Uno pudiera decir que es la paz que busca, y tendría razón.

Por otro lado, el contentamiento también es lo que más busca el mundo, y tal vez lo que menos tiene. El contentamiento genuino es una tranquilidad a su rededor, una satisfacción en su interior, una independencia de las cosas de este mundo. El contentamiento es un estado de ser que es producto de una tranquilidad en el Señor, una satisfacción en el Señor y una dependencia del Señor.

El ser humano anhela el contentamiento y por medio de placeres, o de sueños, o de éxitos trata de conseguirlo. Pero al final, lo que logra tener es frustración y desilusión. Tal vez se siente “contento” por un tiempo con algo pasajero, pero luego vuelve a lo mismo de ser frustrado y desilusionado.

Es interesante como el ser humano piensa que, al tener más, más contento será. El Señor al contrario nos enseña que quedarnos satisfecho con lo que tenemos es lo mejor. En realidad, si siempre buscamos más, nunca quedaremos satisfecho.

El contentamiento no sale de una acumulación de bienes, más bien, el contentamiento sale de la capacidad que uno tiene para compartir con otro. Si profeso ser de Dios, y declaro servir a Dios, pero siempre me estoy quejando que “no tengo” … soy demostrablemente miserable y no entiendo “el por que” de mi salvación.

“Y poderoso es Dios para hacer que abunde en vosotros toda gracia, a fin de que, teniendo siempre en todas las cosas todo lo suficiente, abundéis para toda buena obra; como está escrito: Repartió, dio a los pobres; Su justicia permanece para siempre. Y el que da semilla al que siembra, y pan al que come, proveerá y multiplicará vuestra sementera, y aumentará los frutos de vuestra justicia, para que estéis enriquecidos en todo para toda liberalidad, la cual produce por medio de nosotros acción de gracias a Dios.” 2 Corintios 9:8 – 11

El énfasis que muchos ponen en “sembrar” para “cosechar” o en “las ventanas de los cielos” que serán abiertas para derramar bendiciones, indica una falta de entendimiento en lo que Dios quiere hacer en, y con, nuestras vidas como creyentes.
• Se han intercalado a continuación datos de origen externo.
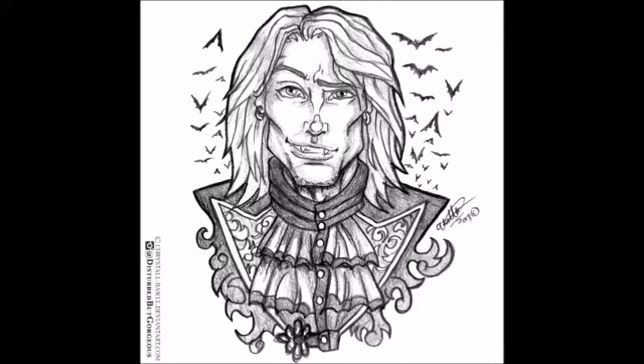Good morrow, lovely little ghosts, and welcome to the Dark Orchard for Lara Watson's 13 Days of Vlog-o-ween!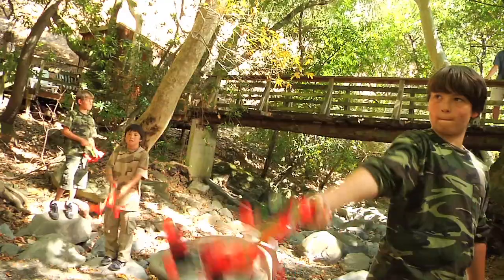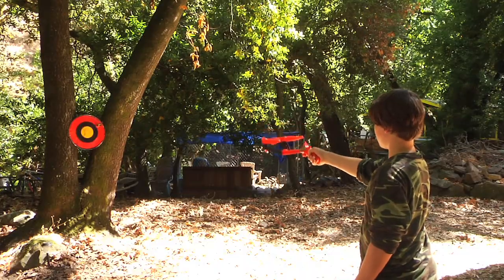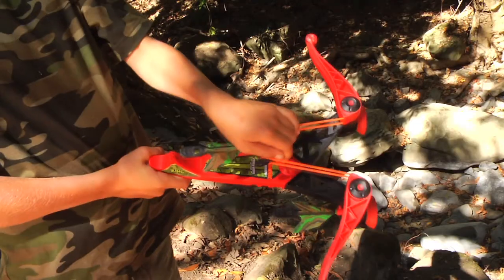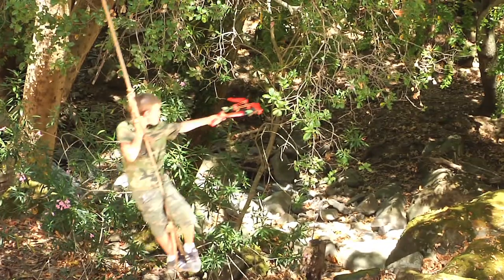Air Hunters ZX Crossbow. Real crossbow action with the amazing Zartz Arrows. Zartz Arrows will stick and release. Revolutionary hook and loop launching system, power swing arms, and the onboard Zartz Arrow storage.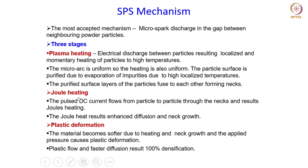The purified surface layers of the particles fuse to each other forming the necks, and densification starts as the necks grow. This is all about heating through the Joule heating effect — a DC pulse is applied which flows from particle to particle through the necks, resulting in Joule heating that is uniform across the compact. This heating also results in enhanced diffusion and neck growth, and therefore the densification process is quite fast compared to the conventional sintering process.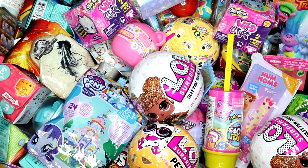Hi everyone, it's Tiffany. I'm going to be picking five random blind bags or boxes to open up today. Let's go ahead and get started.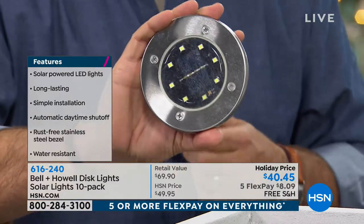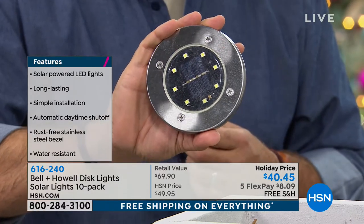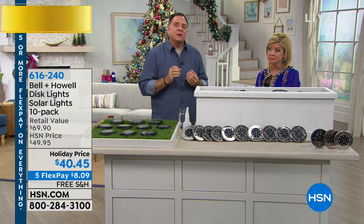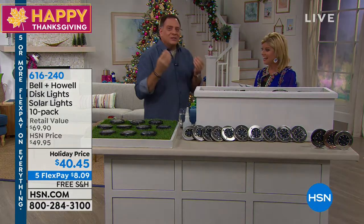Let's bring the lights down so people can see how crazy bright these are. Every comment we're reading has said they could not believe the amount of light these give off. They really do get very bright. And it's nice because when you look at them during the daytime, you don't even realize they're there, and then all of a sudden it's like a light shooting up out of the ground.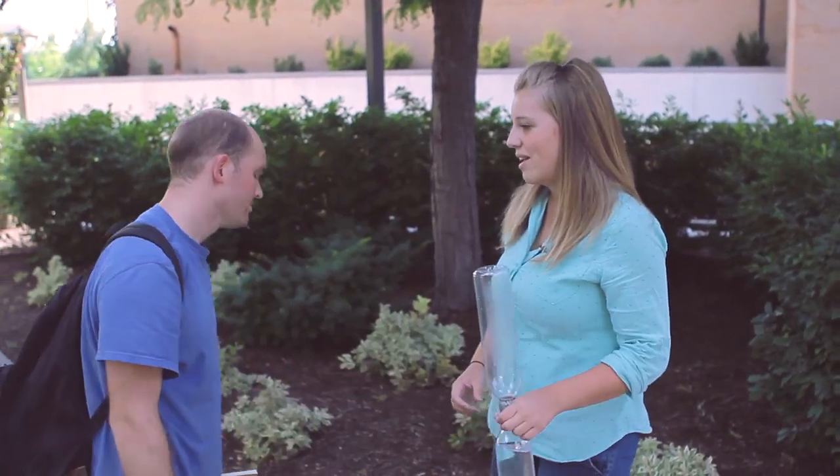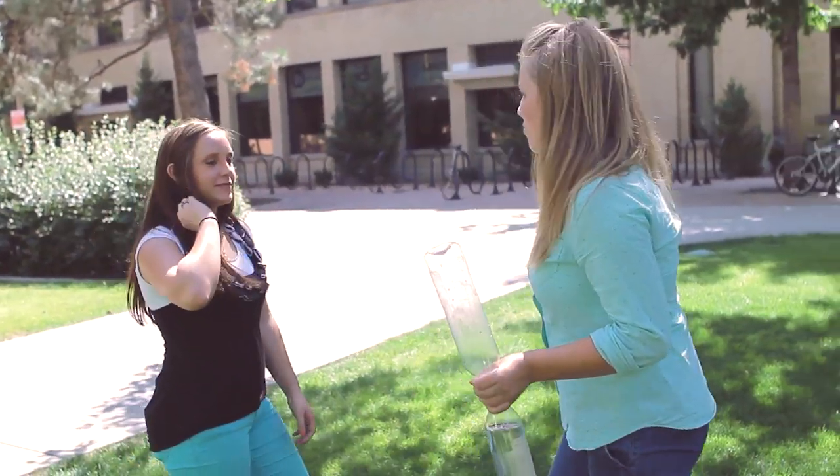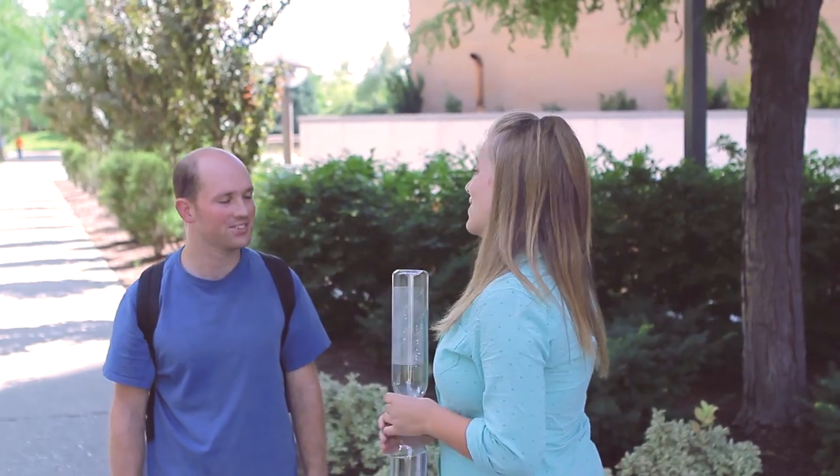My name's Jeanette. I'm with the College of Physical and Mathematical Sciences. Have you ever had a party before? Yes, of course. At that party you might have had a punch bowl or something where you're pouring a two-liter bottle of soda into the punch bowl.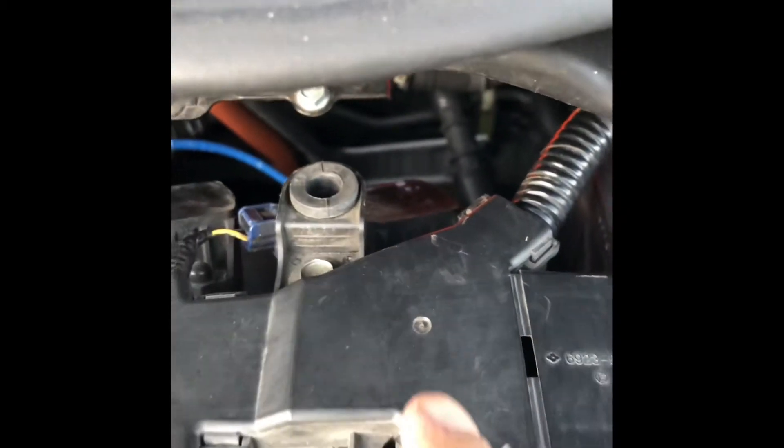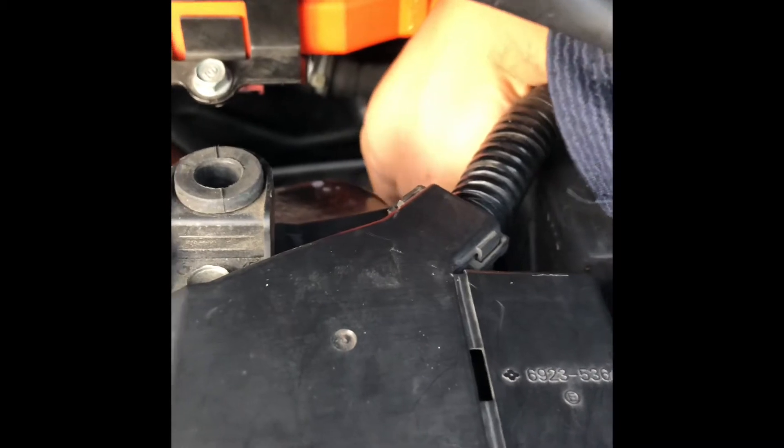Now, the other one is back here. It is on the back of the motor. You have to go inside, or it's right here.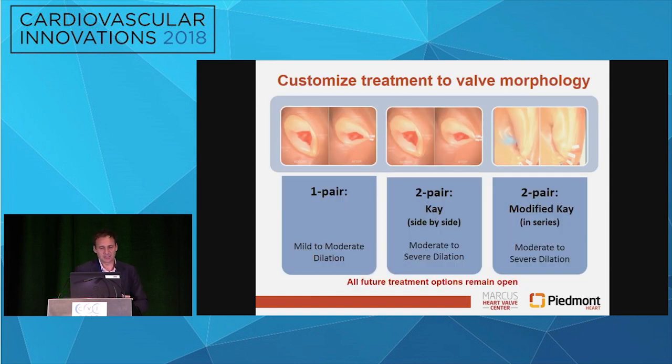If you really think about this technology, you have the ability — if it's a little less dilated, you could put one pair in; you could do two different ways of two pairs. If it's more, you could do a classic K procedure, which is where the surgeons used to actually put sutures here instead. That's for maybe more moderate severe dilation. And then you could do more of a series pair if you have even more dilation. The nice thing is you're only leaving behind these little sutures, so you really leave the door open for any other thing you need to do down the road.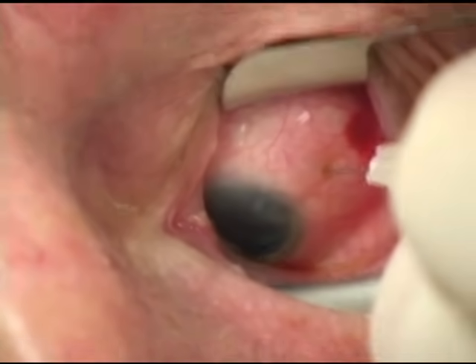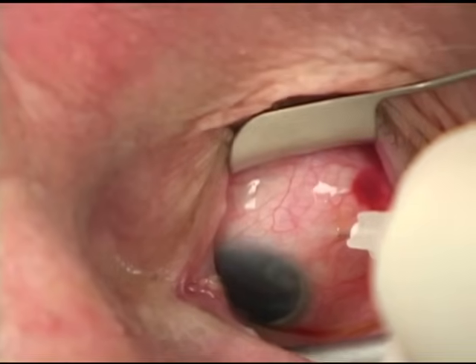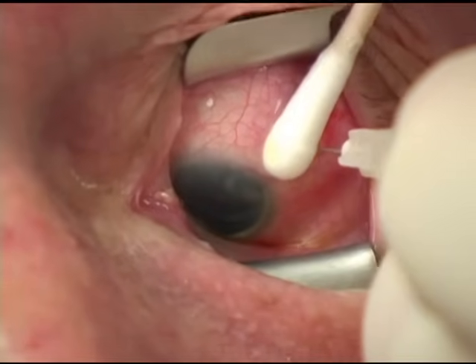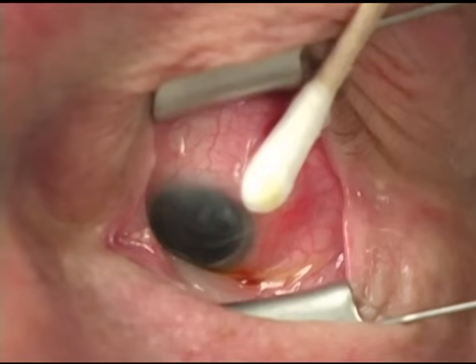The 30 gauge needle is then directed into the middle of the vitreous cavity and the drug is slowly injected. A cotton tip applicator is placed over the injection site to prevent reflux of fluid or medication.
Pablo por experiencia declaró lo más básico que necesitamos físicamente en esta vida: “Así que, teniendo sustento y abrigo, estemos contentos con esto.” 1 Timoteo 6:8 Hasta que yo aprendo la realidad de esta verdad, nunca tendré contentamiento en esta vida.

Los discípulos entendieron el sacrificio que hicieron en lo terrenal: “Entonces respondiendo Pedro, le dijo: He aquí, nosotros lo hemos dejado todo, y te hemos seguido” Mateo 19:27 Pero evidentemente no entendieron lo que habían ganado en lo espiritual. “¿qué, pues, tendremos?” Mateo 19:27

Jesús les ayuda a comprender lo amplio de sus riquezas al seguirle a Él: “Y él les dijo: De cierto os digo, que no hay nadie que haya dejado casa, o padres, o hermanos, o mujer, o hijos, por el reino de Dios, que no haya de recibir mucho más en este tiempo, y en el siglo venidero la vida eterna.” Lucas 18:29 – 30


Reflexión personal: Si perdiere todas mis posesiones terrenales… ¿Estaría contento en el Señor?


Oración: Padre, ayúdame a dejarlo todo como hicieron los discípulos para servir a Cristo.